Helping Hand

Every evening at the same time, for about the past year, I put out 10 dishes of food and some broken up bread, for an assortment of wild friends that come by during the night.

It started when the last of our rescued possums died on us and it was our way of continuing an involvement in lending wildlife a helping hand.

Florida being Florida, the diversity of dinner guests has been quite staggering with Possums, Raccoons, Squirrels, Mice, Cardinals, Blue Jays, and some other birds that I haven’t quite figured out yet.

I lay out the spread at pretty much the same time each day and it has gotten to the point now that if I am late, the Cardinals and Blue Jays start screaming at me from the trees.

I’ve even been able to tell who is eating what, because they all have very different eating habits. Mice love the cereal, Raccoons go for the mix of cat food and pasta, and Possums eat everything (although they definitely have a preference for sweet things!)

I have witnessed them all standing side by side, possums, raccoons, birds, and squirrels (mice are a bit timid for large crowds), sharing food without fights.

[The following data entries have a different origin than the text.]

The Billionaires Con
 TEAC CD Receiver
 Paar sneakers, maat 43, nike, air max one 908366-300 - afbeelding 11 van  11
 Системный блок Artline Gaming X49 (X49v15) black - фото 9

At times it feels like I am witnessing a Disney movie, first hand.

Last night, not even two minutes after I laid out the food, a Raccoon made a beeline for the macaroni/cat food mix and began to carefully pick out the noodles before anyone else got them. And standing guard immediately above her was her friend the Cardinal, making sure that she ate undisturbed.

Hope you like this little selection that I shot from the kitchen door.

It was immediately obvious to me that she was watching me set out the food and waiting impatiently for me to leave. And I could feel her presence in the bushes even though I couldn’t see her. So I spoke softly to her wishing her a bon appetit.

As I washed my hands at the kitchen sink and looked out the window as the other birds and squirrels began to descend from the trees, I reminded myself how lucky I am to live in Florida and to be able to give a little helping hand to creatures that want/need it.

In the past year I have rescued snakes, turtles, lizards, and mice and on the back seat of my car I keep a towel so that when I see a turtle trying to cross a road, I stop, pick him up and help him on his way.

The fact that it is a regular happening is indicative of the impact human development is having on the wild habitats of these little creatures. Which, while generally understandable, makes me sad.

But no, I am not about to rant about the environmental impacts of human development. Relax.

My thought today is much simpler. It is about the ability that we have to lend a helping hand to creatures that largely because of us, need it. There is a privilege in being able to give help to anyone and it reflects back into our own soul with a feeling of genuine good.

I deliberately chose the word “anyone” in that sentence above rather than “anything” because we, like they, are just animals. Some of us (not so much the MAGA crowd) might be able to claim superior intelligence over some of our brother creatures, but there is no real guarantee that is even true.

Being a dominant species, it behooves us to be softly aware of this dominance and not use it to diminish other creatures. Our evolution to dominance owes more gratitude to the deformity that became opposable thumbs, rather than our “vastly superior intellect”.

So, when we have on opportunity to interact with wild creatures, we should do so in a way that provides sustenance and safe haven. Treating them as objects to be discarded or abused is not just immoral, it is self-diminishing. We, in turn, lose the reflection of good that can warm our souls on a chilly day.

I can’t imagine a world without wild creatures and yet every move us humans seem to take keeps moving us in that direction. If it happens, it will happen to a world that I will be long gone from. But my children’s children and their children will look back from that bleakness and wonder how we could have been so cruel.

My ten bowls of food won’t impact the direction of the world, but at least for the moment, it brightens the lives of a small few friends and makes me feel the better person for having helped.

Try it yourself … it is an immensely rewarding feeling!